Tra le accuse più gravi rivolte ad Almasri e ai suoi uomini c’è quella di avere reclutato minori nelle forze della Rada. Alcune di queste denunce sono state raccolte dal National Human Rights Committee in Libya (Hrcl) e dal suo presidente, Ahmed Hamza. “A Tripoli lo scorso anno, il 15 agosto, dopo i combattimenti tra le forze della polizia giudiziaria della Rada e la Brigata 444, abbiamo rinvenuto tre cadaveri di bambini soldato reclutati dalle forze di Almasri”, spiega Hamza al Foglio. Il presidente di Hrcl spiega anche che Almasri è accusato di avere avuto un ruolo anche nel traffico di centinaia di migranti che in questi anni sono volati dall’India al Nicaragua passando per la Libia e da lì hanno raggiunto gli Stati Uniti a bordo di aerei della Ghadames Airlines. Il direttore della compagnia aerea libica, arrestato nel luglio 2023, “ha raccontato del coinvolgimento della Rada nei traffici di persone a Mitiga dove gli aerei facevano scalo”.
Secondo Wolfram Lacher, esperto di Libia del German Institute for International and Security Affairs di Berlino, l’arresto di Almasri ha messo l’Italia sotto pressione. “Poteva essere uno scandalo enorme perché si tratta del supervisore del carcere di Mitiga. Sarebbe stato un caso ancora più grave di quello di Bija” – il capo della milizia di Zawiya e comandante della Guardia costiera libica, accusato di traffico di droga ed esseri umani invitato in Sicilia nel 2017 dalle autorità italiane durante i negoziati per bloccare le partenze dei migranti. “L’operazione che ha portato all’arresto di Almasri avrebbe messo in grande pericolo l’intero piano di collaborazione tra il governo Meloni e quello Dabaiba su molte questioni, prima fra tutte quella dell’immigrazione”, dice Elhassi.
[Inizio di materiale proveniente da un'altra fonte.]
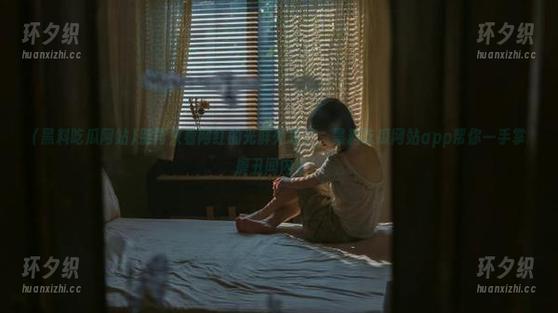 别再只看网红的光鲜外表了，黑料吃瓜网站app帮你一手掌握丑闻内幕！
“Almasri è un criminale e confidavamo molto nel suo arresto in Italia, perché avrebbe significato la fine dell’impunità e l’inizio di una nuova pagina per la giustizia di questo paese”, dice Ahmed Hamza. “Ora però la sua liberazione non farà altro che favorire altre violazioni dei diritti umani e del diritto umanitario internazionale a scapito di civili e innocenti in Libia”.